Signs of signs was something that I was at one time interested in because of what has been called in theoretical circles, the 'semiotic turn', whereby the focus on meaning was very much to do with how various languages worked. The dialogues set off around this type of understanding were very much to do with an analysis of the relationship between signs and their referents and the difference between signs, symbols and icons.
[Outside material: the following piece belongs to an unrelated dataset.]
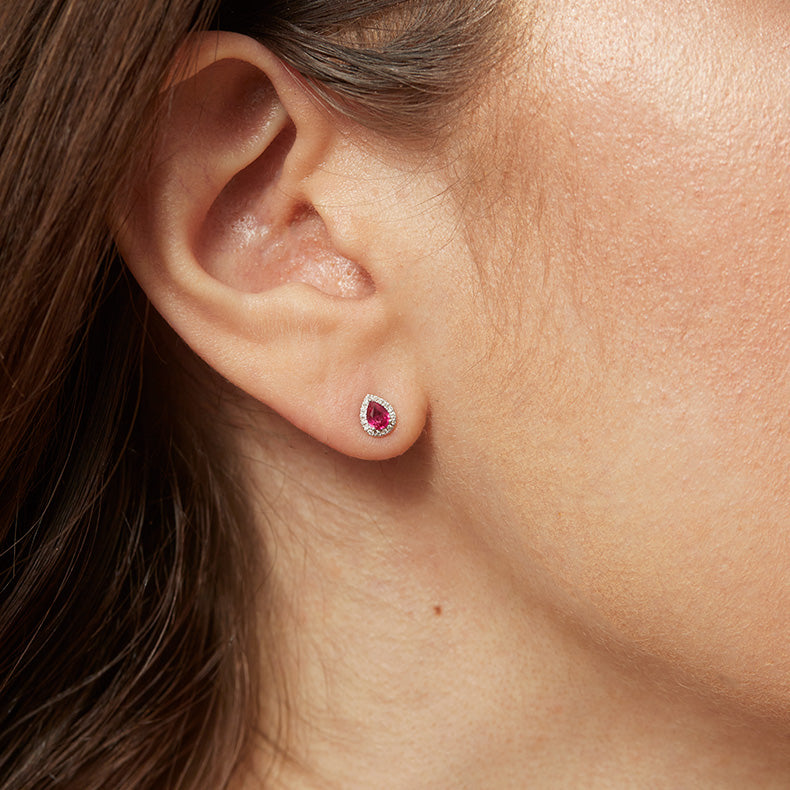 Tiny ruby outlet earrings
By producing a range of these and each time using a different material, I felt that I was highlighting the importance of a material language that was also shaping its own meaning alongside that of human communication systems. 









Asemic signs

The images of signs above were designed to be 'failures'. There is no way that structurally the Y shaped supports could hold up the signs, the signs for grass make as much sense as the signs for text, and like the signs for shadows as signs of three dimensionality, all are in effect lies or falsehoods, the only language speaking a truth being the materials used in the making of these images.  
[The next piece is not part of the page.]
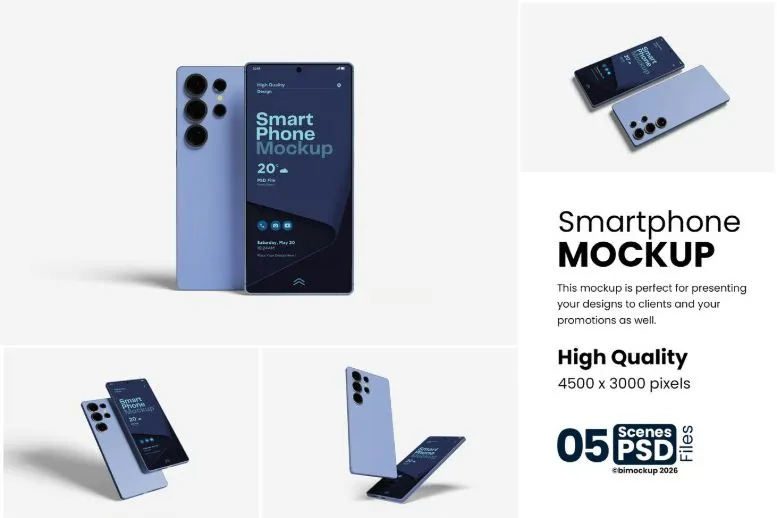 Smartphone Mockup Set for App and UI Presentation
Asemic writing has also been defined as a hybrid art form that fuses text and image into a unity, thus setting them both free to an audience's arbitrary subjective interpretations. If I accept this definition, I think it sort of lets me as an artist abdicate my responsibility. Of course to some extent every communication with another individual is open to subjective interpretation, but we usually try to overcome this by working hard to clarify our message. Paradoxically, looking back on this work now I see it as being overly theoretical, a too straight acting out of an idea, therefore in effect illustrating a point, rather than discovering something new. The idea was in effect too clear in my own mind. It is the difference between 'living in the moment' of a work and working to a plan. I could have written out what I was going to do and it would have been enough.

Coda

Asemic writing doesn't signify anything but itself. This can be thought of like a form of ghost writing, a text aspiring to become a ‘presence’ or thing in its own right, rather than a form that carries significations of other things. Ghosts are often in fiction aspiring to the reality that living life forms have, and if we are not careful they might supplant the living.

Any inscription that is still legible, but perhaps only faintly, is like a ruin of its former self, a phantom presence. This ruin can however be a powerful form in its own right and signify a silenced voice.  Its past form can overcome its present one, especially if its erasure wasn’t just a consequence of normal wear and tear, but was the result of a deliberate attempt to remove it. This can often be the case with graffiti, especially if it is politicised comment or a sign of struggle.

Erased or cleaned off graffiti can also be thought of therefore as a type of palimpsest. One text is removed to make way for another, but in a future time, the first text may re-emerge and become more important than the text that replaced it.

 

Patrick Ford has highlighted for me how these issues relate to the political graffiti that has appeared all over the city of Hong Kong and of how inexperienced government appointed cleaners after doing their work, left recognisable 'ghosts' of the slogans used.  The erased text being still clearly legible to locals residents, even though the offending words or characters had been cleaned away.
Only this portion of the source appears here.